Cybercrime is more efficient and organised than ever, following the discovery of a site selling fraudulent credit card details in volume.
The underground exchange service 'SellCVV2' has been actively promoting the sale of credit card data as well as guaranteeing volume discounts for large scale fraudsters.
Prices depend on whether the card is a Classic Visa or Mastercard, a premium account such as Gold, Platinum or Business/Corporate card, and its country of issue.
It is possible to pay $38 (19) per set for card data for premium card accounts in small volumes, going down to $10 (5) for Classic card data in volumes of 100 or more.

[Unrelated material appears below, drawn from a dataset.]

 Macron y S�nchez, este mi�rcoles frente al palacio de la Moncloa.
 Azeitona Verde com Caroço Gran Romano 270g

"Customers are being offered trial set of data, as well as a guarantee on account details that do not work," said Yuval Ben-Itzhak, chief information officer of Finjan.
"The site, which appears to use Google's Blogspot service, is typical of a number of portals promoting the exchange of fraudulent credit card data.

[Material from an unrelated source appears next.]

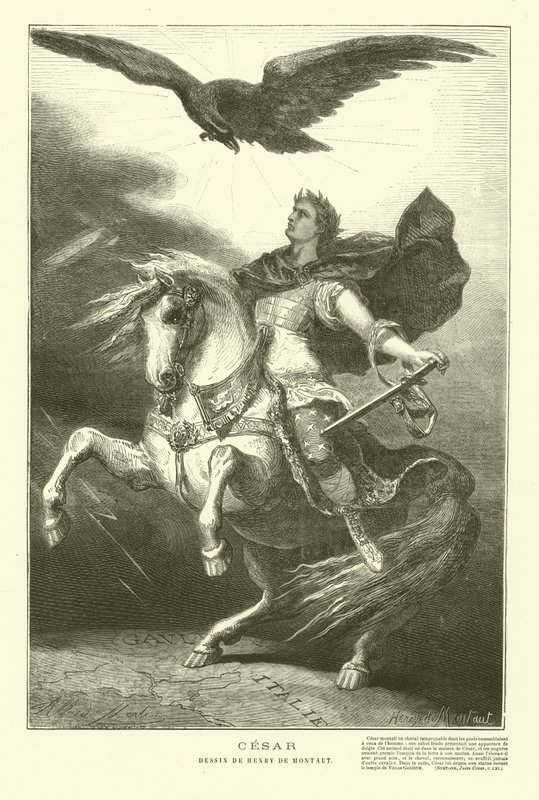 Jules César à cheval avec un aigle impérial au-dessus de lui - Henri de (after) Montaut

"But what is apparent from the SellCVV2 site is the level of commercialisation involved."
Ben-Itzhak said that there was a great level of maturity and sophistication in the way the site worked, and that the problem was only going to get worse.
"As long as there are people willing to pay for this data, there will be people out there who will use their skills to steal it. That's the basics of economics, so I don't see any way that it's going to stop."
He advised businesses to keep up to data on their web security as well as make sure that users inside the company were well educated about the possible threat.
The fact that the criminals appeared to use Web 2.0 technology with a Google Blogspot page was also something which businesses had to be wary of and also keep up to date with.
"Web 2.0 services play a major role in the market today," Ben-Itzhak said. "Although they are good for people in that it is all about sharing, this also serves the bad guy as they can store malicious code."